* AIM OF THE EXERCISE: In the listing below, start your output at the line with "2016 بورش كايين جي تي اس" and end it after the line with "VIBRADOR DUPLO FELIX", copying every line exactly.
======== GIVEN INFORMATION ========
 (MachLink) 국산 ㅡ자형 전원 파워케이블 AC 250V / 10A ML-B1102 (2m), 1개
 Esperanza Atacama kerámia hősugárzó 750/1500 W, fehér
========
======== GIVEN INFORMATION ========
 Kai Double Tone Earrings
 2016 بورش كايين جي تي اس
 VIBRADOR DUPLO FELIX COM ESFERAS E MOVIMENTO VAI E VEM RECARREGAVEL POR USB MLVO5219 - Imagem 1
========
* TASK RESPONSE:
 2016 بورش كايين جي تي اس
 VIBRADOR DUPLO FELIX COM ESFERAS E MOVIMENTO VAI E VEM RECARREGAVEL POR USB MLVO5219 - Imagem 1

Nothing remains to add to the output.